• [Work item]
In the records below, find the line containing "Photo of property" and print it and every line after it exactly, through the end. Skip pictures.
▼▼▼
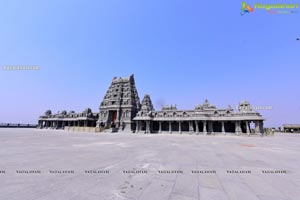 Sri Yadadri Laxminarasimha Swamy Temple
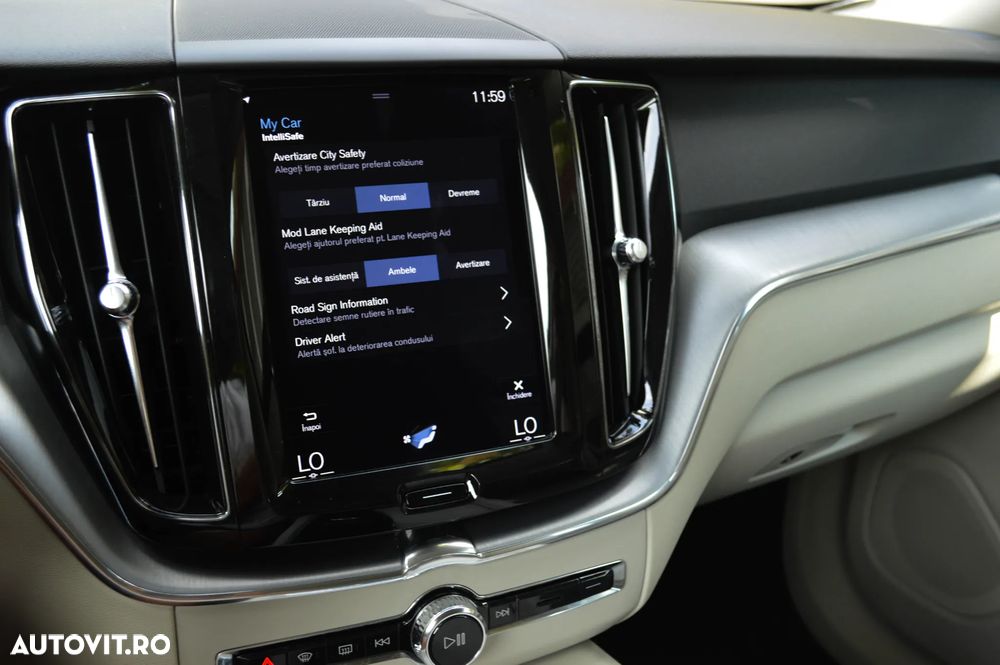 Volvo XC 60 B4 D AWD Ultimate Bright - 19
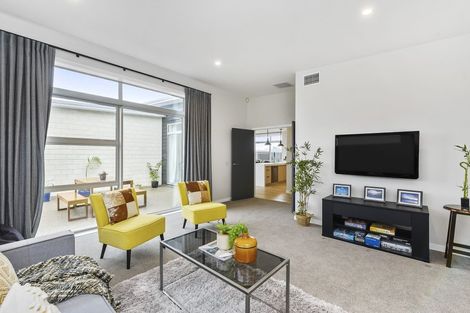 Photo of property in 37 Hudson Place, Paraparaumu, 5032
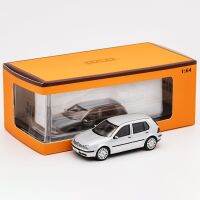 Die Cast รุ่น1:64สเกลกอล์ฟ4ประตูรุ่น4ประตู/2ประตู Gti รุ่นที่ระลึกแบบจำลองรถจากโลหะอัลลอยด์โมเดลงานอดิเรกของเล่นดิสเพลย์ของขวัญ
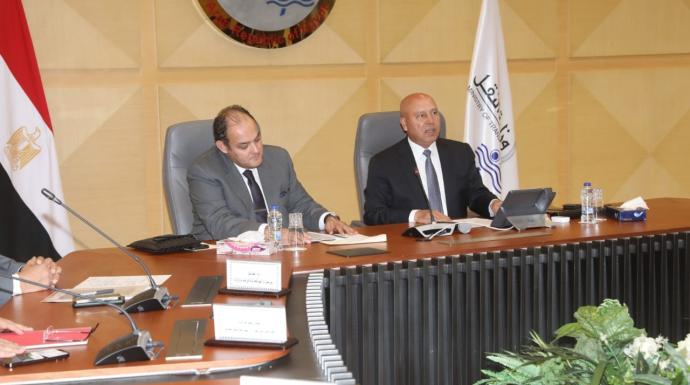 وزير النقل يبحث مع وزير التجارة والصناعة آخر المستجدات الخاصة بتعظيم تجارة الترانزيت وتوطين صناعة النقل في مصر ودعم حركة التجارة الى الدول الافريقية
▲▲▲
• [Task response]
 Photo of property in 37 Hudson Place, Paraparaumu, 5032
 Die Cast รุ่น1:64สเกลกอล์ฟ4ประตูรุ่น4ประตู/2ประตู Gti รุ่นที่ระลึกแบบจำลองรถจากโลหะอัลลอยด์โมเดลงานอดิเรกของเล่นดิสเพลย์ของขวัญ
 وزير النقل يبحث مع وزير التجارة والصناعة آخر المستجدات الخاصة بتعظيم تجارة الترانزيت وتوطين صناعة النقل في مصر ودعم حركة التجارة الى الدول الافريقية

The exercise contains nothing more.